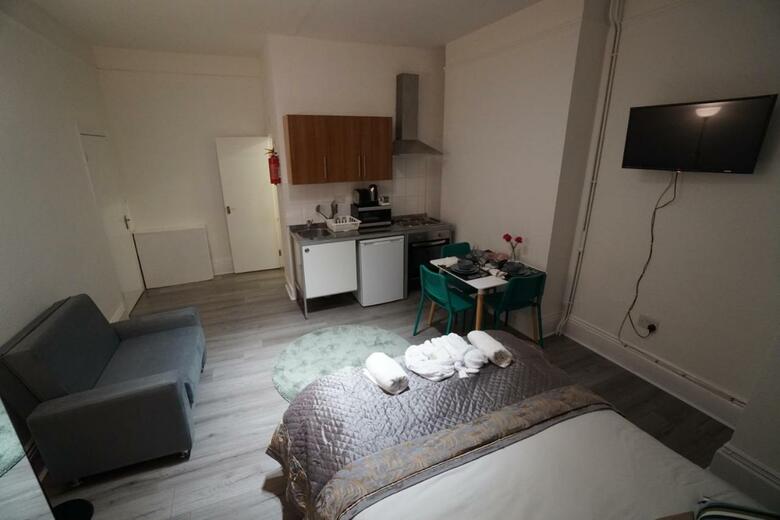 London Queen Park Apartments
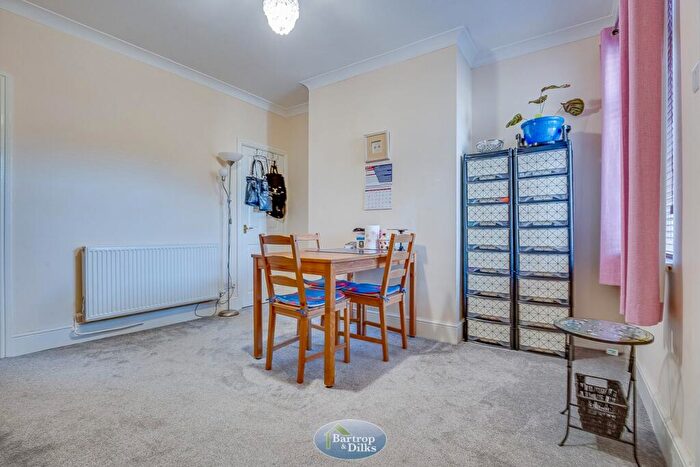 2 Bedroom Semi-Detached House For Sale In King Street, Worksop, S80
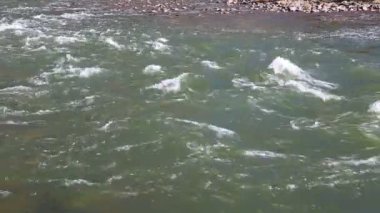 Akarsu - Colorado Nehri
════
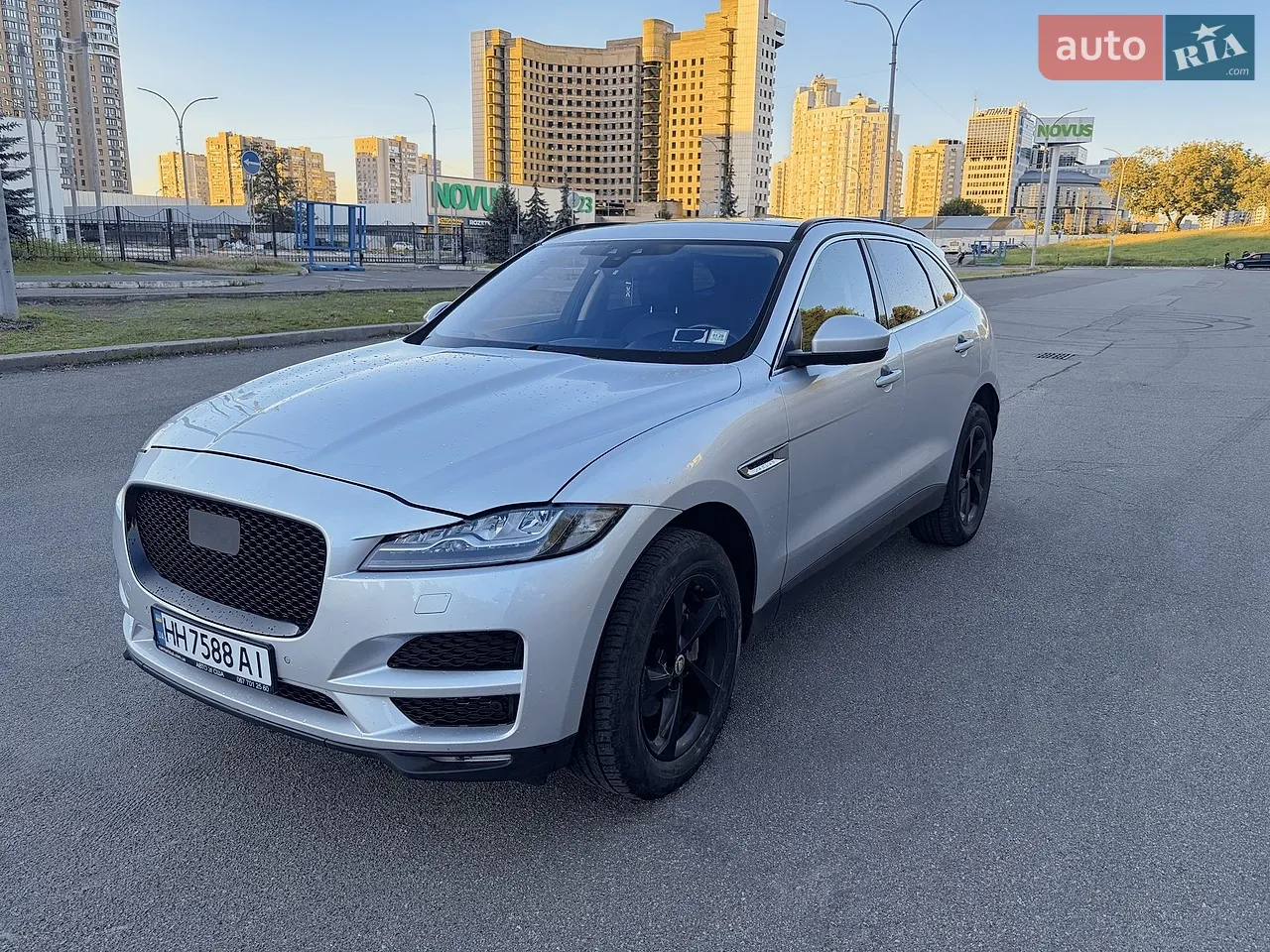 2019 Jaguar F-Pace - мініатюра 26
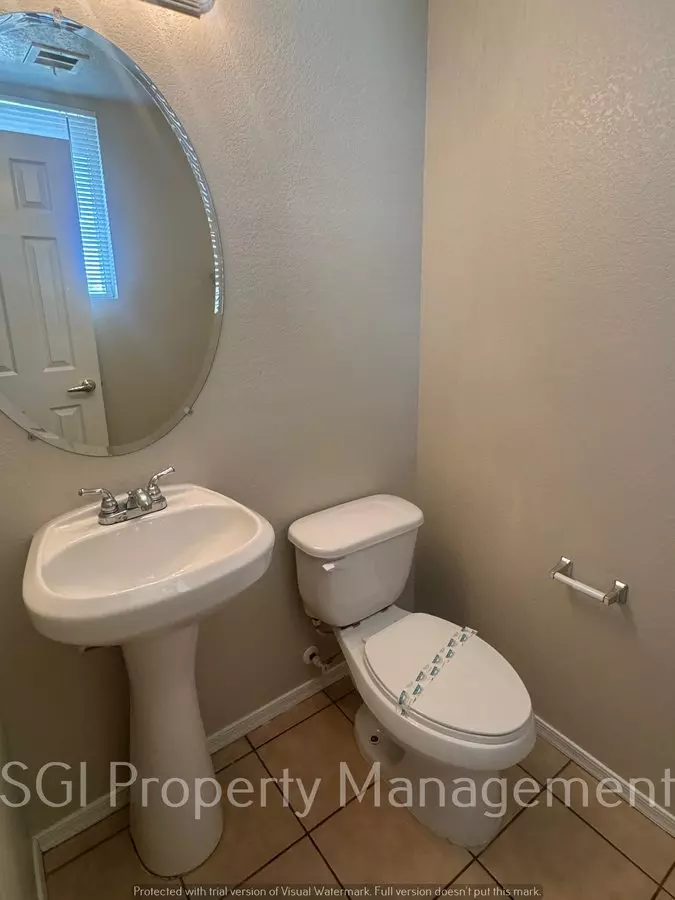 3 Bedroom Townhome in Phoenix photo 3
════
**WORK ORDER:** Give back, exactly and without pictures, the stretch of the records above from the line containing "2 Bedroom Semi-Detached" through the line containing "Akarsu - Colorado Nehri", with both end lines included.

**TASK ANSWER:**
 2 Bedroom Semi-Detached House For Sale In King Street, Worksop, S80
 Akarsu - Colorado Nehri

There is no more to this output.